**WHAT IS EXPECTED:** In the entries below, the lines from the one with "Omaha House: 3912 Curtis Ave" through the one with "梅西苏神领衔巴萨留守军团训练 梅球王神级绕桩射门直挂死角" are to be copied exactly; both ends count.
◆ ◆ ◆ ◆ ◆
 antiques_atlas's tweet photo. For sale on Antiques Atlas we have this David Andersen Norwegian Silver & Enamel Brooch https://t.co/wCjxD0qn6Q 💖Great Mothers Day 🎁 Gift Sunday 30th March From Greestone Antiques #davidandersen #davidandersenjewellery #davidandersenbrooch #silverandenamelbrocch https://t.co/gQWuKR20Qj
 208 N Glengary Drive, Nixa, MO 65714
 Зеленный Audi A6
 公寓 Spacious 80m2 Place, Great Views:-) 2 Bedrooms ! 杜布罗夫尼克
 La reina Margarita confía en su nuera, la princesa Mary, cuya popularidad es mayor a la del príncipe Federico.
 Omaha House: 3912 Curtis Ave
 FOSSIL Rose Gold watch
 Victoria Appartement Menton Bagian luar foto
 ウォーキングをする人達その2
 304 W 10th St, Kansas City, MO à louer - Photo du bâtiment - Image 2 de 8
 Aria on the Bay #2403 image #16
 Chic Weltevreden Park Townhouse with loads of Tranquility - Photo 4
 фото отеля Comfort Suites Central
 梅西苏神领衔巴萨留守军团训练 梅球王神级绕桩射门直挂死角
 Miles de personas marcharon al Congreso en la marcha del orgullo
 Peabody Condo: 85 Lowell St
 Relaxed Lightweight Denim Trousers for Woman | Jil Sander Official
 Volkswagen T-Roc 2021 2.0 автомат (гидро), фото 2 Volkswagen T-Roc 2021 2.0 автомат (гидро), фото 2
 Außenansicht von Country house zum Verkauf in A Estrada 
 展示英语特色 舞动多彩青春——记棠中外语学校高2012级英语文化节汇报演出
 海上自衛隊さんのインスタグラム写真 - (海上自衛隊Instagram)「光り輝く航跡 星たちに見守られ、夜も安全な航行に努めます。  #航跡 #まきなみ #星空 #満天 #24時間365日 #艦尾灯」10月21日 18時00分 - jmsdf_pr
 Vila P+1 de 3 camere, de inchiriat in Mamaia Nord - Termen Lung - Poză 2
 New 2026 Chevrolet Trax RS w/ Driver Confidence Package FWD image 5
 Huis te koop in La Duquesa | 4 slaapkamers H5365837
◆ ◆ ◆ ◆ ◆
**ANSWER SPACE:**
 Omaha House: 3912 Curtis Ave
 FOSSIL Rose Gold watch
 Victoria Appartement Menton Bagian luar foto
 ウォーキングをする人達その2
 304 W 10th St, Kansas City, MO à louer - Photo du bâtiment - Image 2 de 8
 Aria on the Bay #2403 image #16
 Chic Weltevreden Park Townhouse with loads of Tranquility - Photo 4
 фото отеля Comfort Suites Central
 梅西苏神领衔巴萨留守军团训练 梅球王神级绕桩射门直挂死角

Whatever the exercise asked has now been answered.